Ein Arbeitspensum, die für einen ehemaligen Betriebsrat paradox anmutet, Rützel aber erfüllt. "Das macht mir Spaß, weil ich was managen, was bewirken kann." Etwa 180 Milliarden Euro und damit 38 Prozent des gesamten Bundeshaushalts hat der Ausschuss in der Verantwortung. Die Arbeit darin beschreibt Rützel als die Grundlage für das, was in den öffentlichen Parlamentssitzungen passiert. "Was nicht im Ausschuss diskutiert wurde, kommt auch nicht ins Parlament und was dort 30 Minuten besprochen wird, haben wir vorher vielleicht 30 Stunden besprochen."
Ohne die Unterstützung der Familie geht nichts
Dass im 15-Stunden-Arbeitsalltag sein Hobby Schwimmen auf der Strecke bleibt – geschenkt. Als Ausgleich für das viele Sitzen müssen zwischen den Arbeitswegen in der Hauptstadt Treppen und Fahrrad herhalten.

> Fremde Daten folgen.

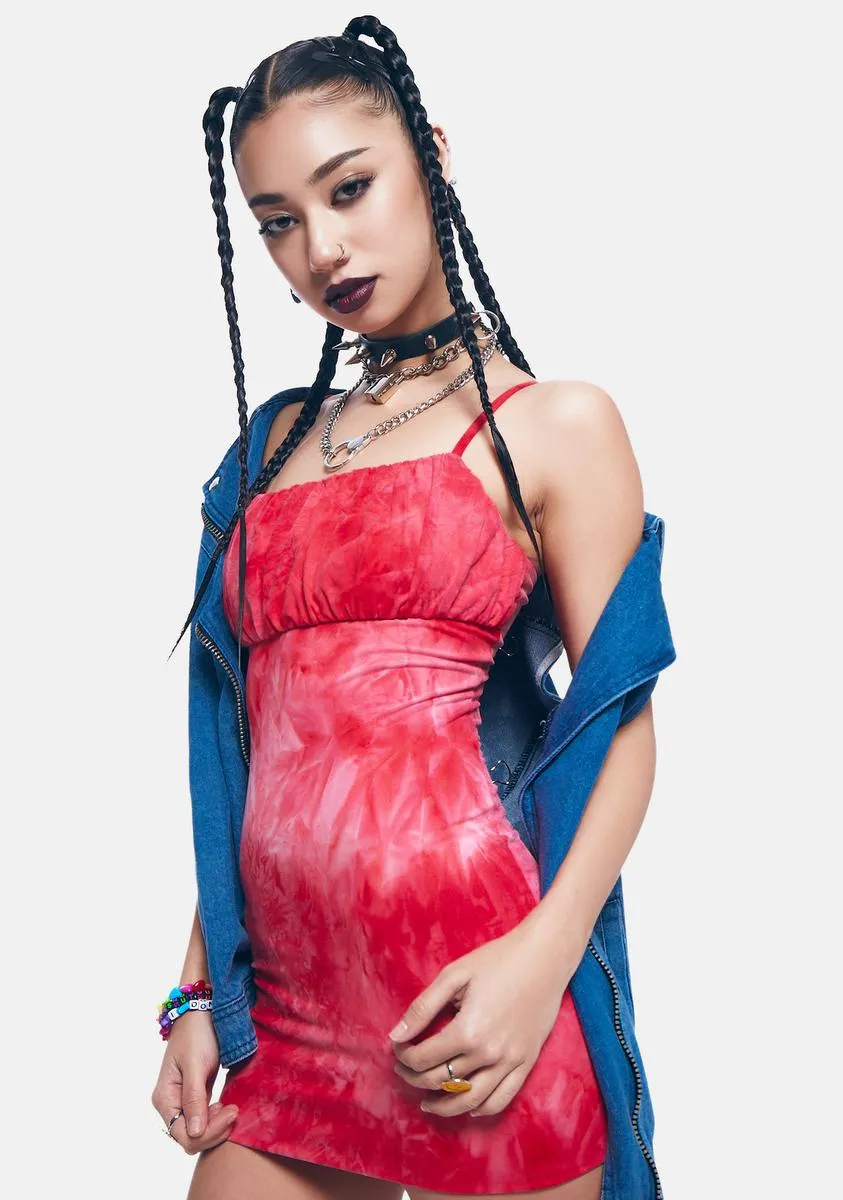 Coral Pink Tie Dye Mini Dress sold by Dolls Kill product image thumbnail 2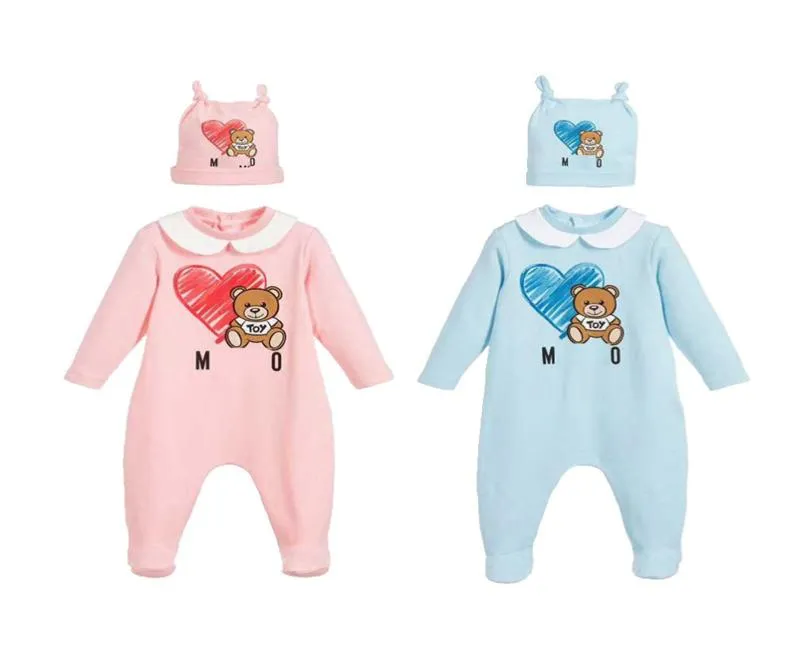 Nova chegada moda bebê recém-nascido roupas da menina manga longa algodão bonito dos desenhos animados urso recém-nascido bebê menino macacão e chapéu babadores sets3598853
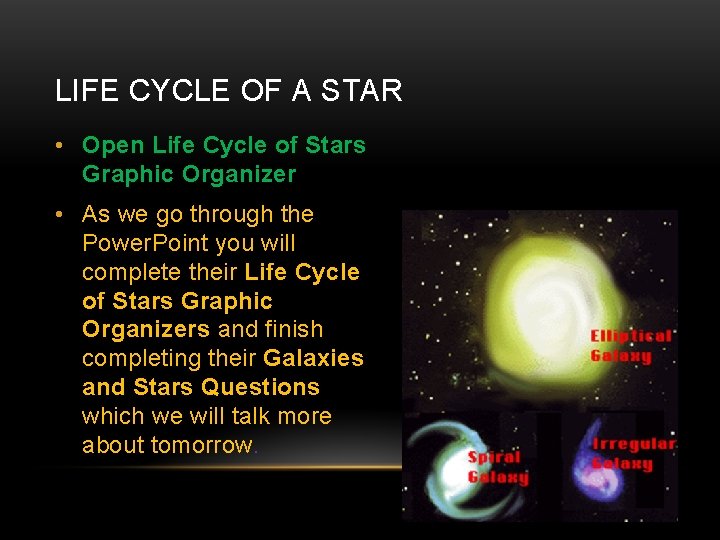 LIFE CYCLE OF A STAR • Open Life Cycle of Stars Graphic Organizer •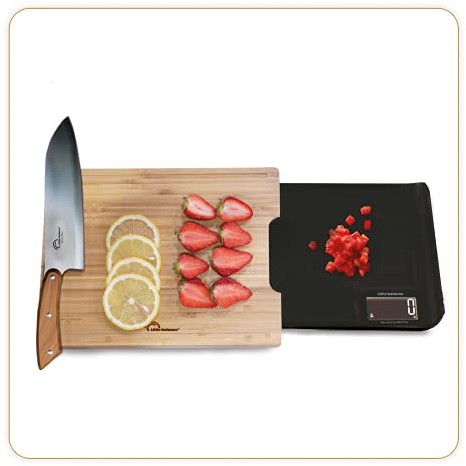 LITTLE BALANCE 8399 Chef 5 Trio USB - Balance de cuisine - Rechargeable USB - Balance 3 en 1 : Coupez, pesez, versez, tout en une seule balance de cuisine !! - 5kg / 1 g - Bambou véritable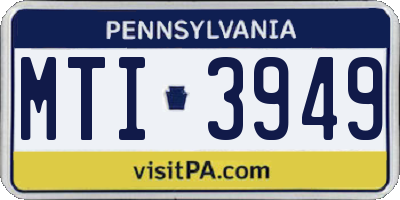 PA license plate MTI3949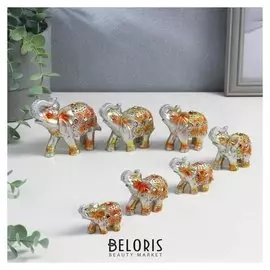 Сувенир "Стадо слонов" набор 7 шт.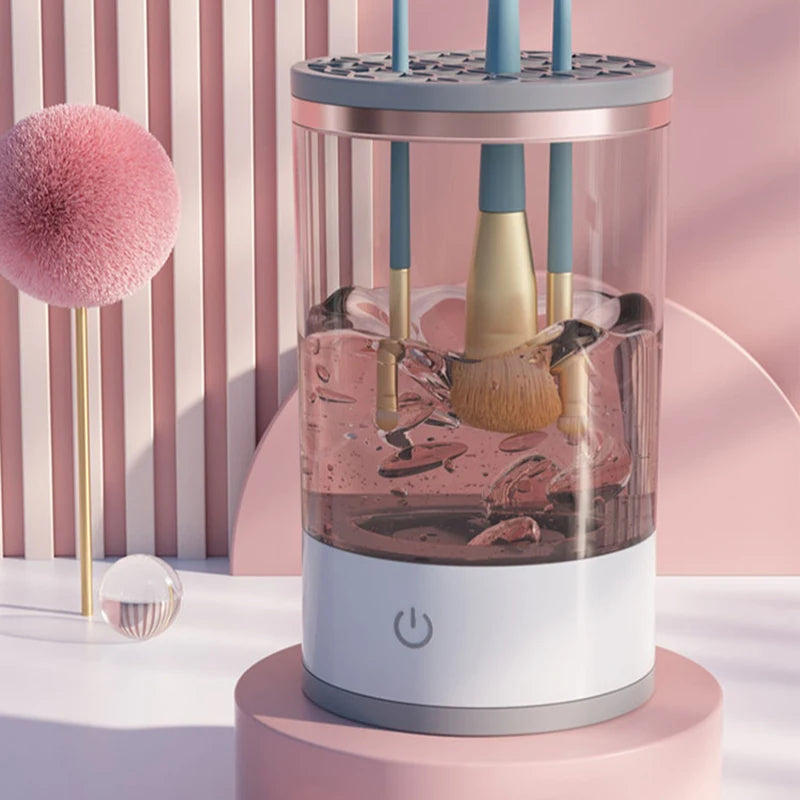 Limpiador de brochas de maquillaje eléctrico 3 en 1 para mujer, soporte giratorio automático para brochas de maquillaje, herramienta de secado rápido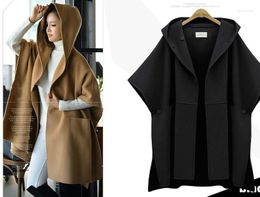 Women's Jackets 5xl Women's Clothing European Suit-dress Cloak Woolen Loose Coat Winter Clothes Woollen Overcoat Fat Mm Long Windbreaker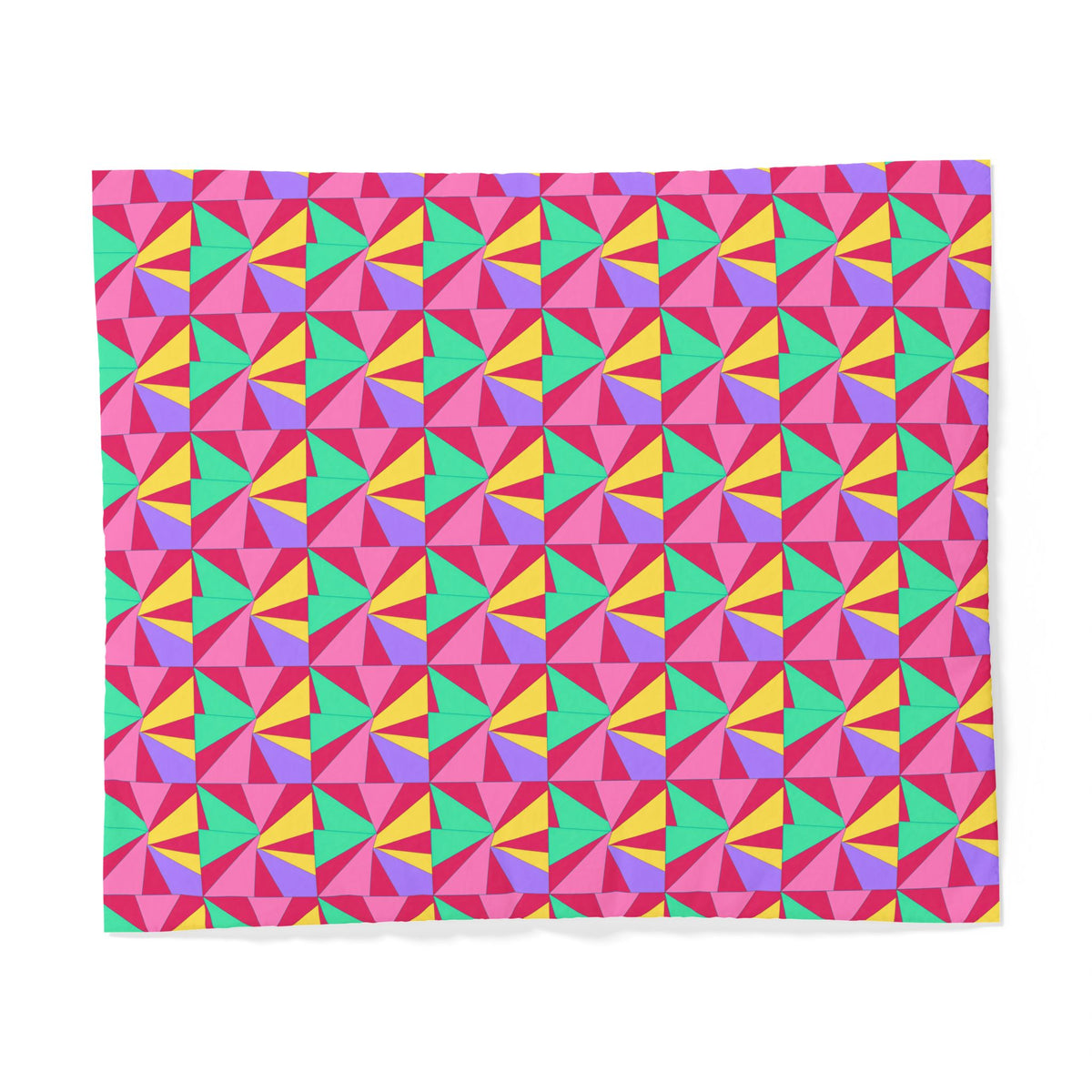 Cubist Sunburst Blocks Cotton Duvet Cover – Candy Pop on Raspberry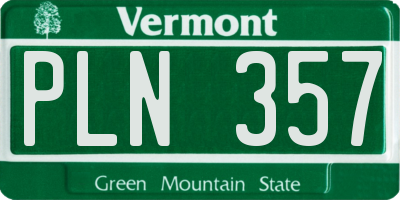 VT license plate PLN357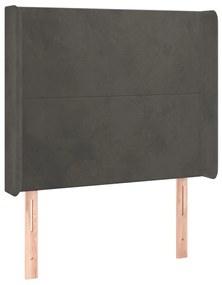 Κεφαλάρι με Πτερύγια Σκούρο Γκρι 83x16x118/128εκ.Βελούδινο - Γκρι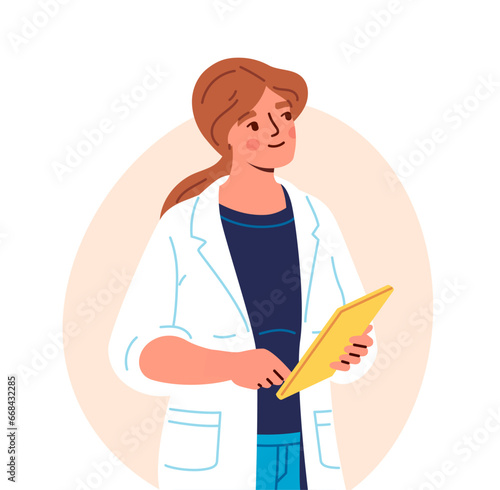Medical employee in uniform concept. Woman in medical coat. Doctor and nurse with textbook. Graphic element for website. Cartoon flat vector illustration isolated on white background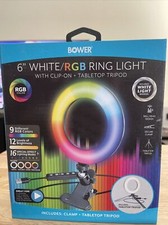 Bower White/RGB 6" Ring Light With Clip-on Tabletop Tripod With Remote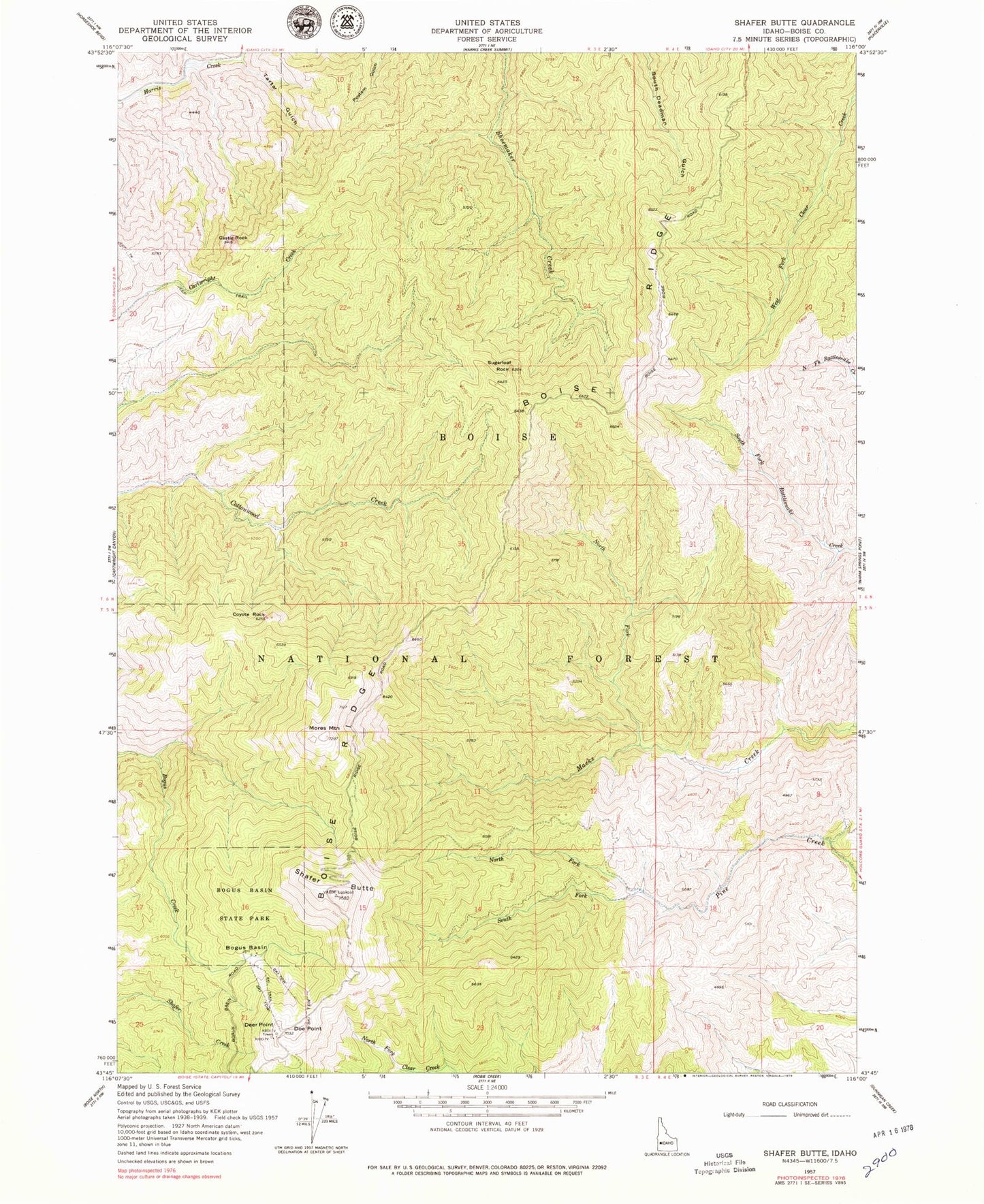 Classic USGS Shafer Butte Idaho 7.5'x7.5' Topo Map Image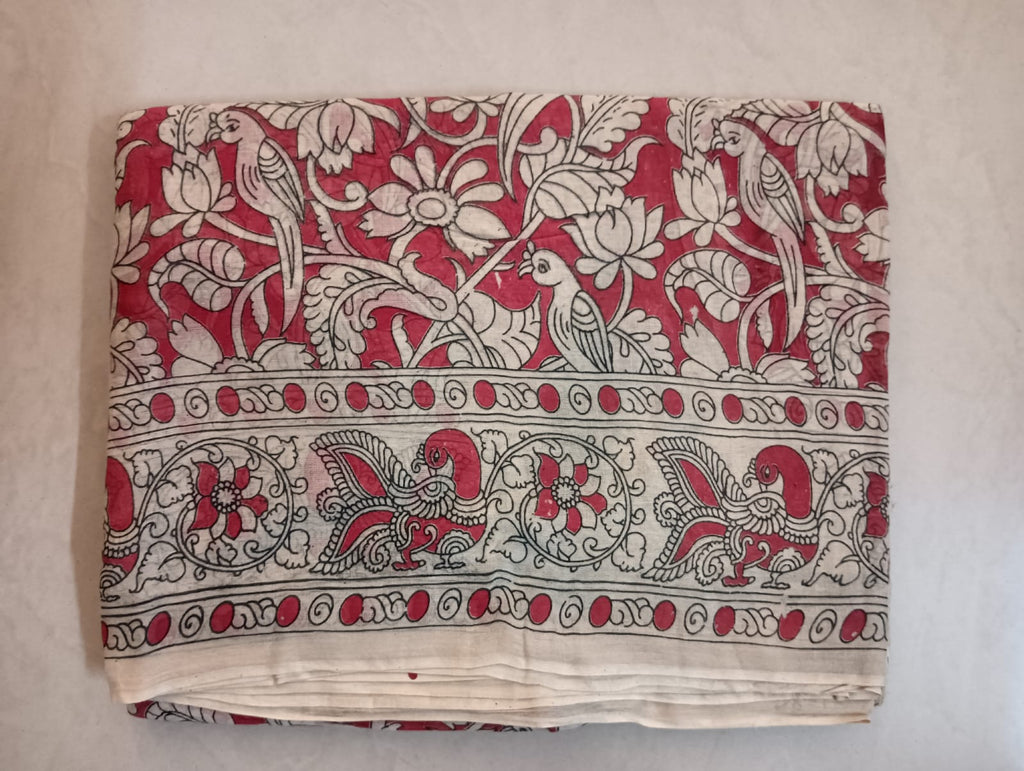 Mul Cotton saree with border colour blouse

Wichtiger ist Rützel, der alleine für die regulären Sitzungswochen 22 Wochen im Jahr in Berlin verbringt, dass unter seiner Tätigkeit nicht die familiären Bande leiden. "Ohne einen starken Familienzusammenhalt könnte ich das gar nicht machen. Ich werde einfach getragen durch meine Familie und die Unterstützung meiner Frau."
Seit 31 Jahren sind der gebürtige Rienecker und seine Frau Edith mittlerweile verheiratet, die beiden Kinder im Laufe seiner elf Jahre als Abgeordneter erwachsen geworden. Dass der Ehemann und Vater beruflich viel unterwegs ist, kennt die Familie aus seiner Zeit als Eisenbahner. Stationen in Karlsruhe, München und Köln, aber auch näher gelegene Dienstorte wie Frankfurt und Nürnberg verschlangen pro Woche alleine 25 Stunden reiner Pendelzeit. "Wenn es damals Homeoffice gegeben hätte, was wäre das für ein Segen gewesen für die Familie und einen selber", betont Rützel.
Politische Erfolge: Erhöhung des Mindestlohns und Einwanderungsgesetz

Arbeitnehmerfreundlich präsentiert sich auch eine Gesetzesänderung, die Rützel als einen der größten Erfolge seiner Arbeit der letzten drei Jahre bezeichnet: die außerplanmäßige Erhöhung des Mindestlohns von 10,45 auf 12 Euro. "Das hilft sechs Millionen Menschen, die einen wichtigen Job machen."
Besonders stolz sei Rützel auf das Einwanderungsgesetz. Ein für ihn wichtiger Schritt zu besserer Integration, denn die sei nur möglich, wenn man Zuwanderer auch in den Arbeitsmarkt integriere. Der sei wiederum auf ausländische Arbeitskräfte angewiesen, um wachsen zu können, betont Rützel. Der Knackpunkt des neuen Gesetzes: Den Menschen werde die Perspektive aufgezeigt, dass sie nach fünf Jahren Arbeit auch den deutschen Pass beantragen können.
Rützel meint, die Ampel hat geliefert
Zwei von zahlreichen Plänen, die die Regierungskoalition vor ihrem Bruch Anfang November umgesetzt hat. Die landläufig sehr negative Einschätzung vieler Bürgerinnen und Bürger, dass in der Ampel außer Streit nicht viel gelaufen ist, hält Rützel deshalb für falsch. Er verweist auf eine Studie der Bertelsmann-Stiftung, die der Ampel-Regierung bereits zur Halbzeit der Legislaturperiode eine hohe Quote an umgesetzten oder zumindest angepackten Koalitionsvorhaben bescheinigte.
Um die Bundespolitik auch künftig aktiv mitgestalten zu können, hofft Rützel, der neben seiner Direktkandidatur für den Wahlkreis Main-Spessart auf Platz neun der bayerischen SPD-Landesliste antritt, auf einen erneuten Einzug in den Bundestag. Dass die SPD auch Teil der kommenden Regierung sein wird, steht für den Genossen außer Frage.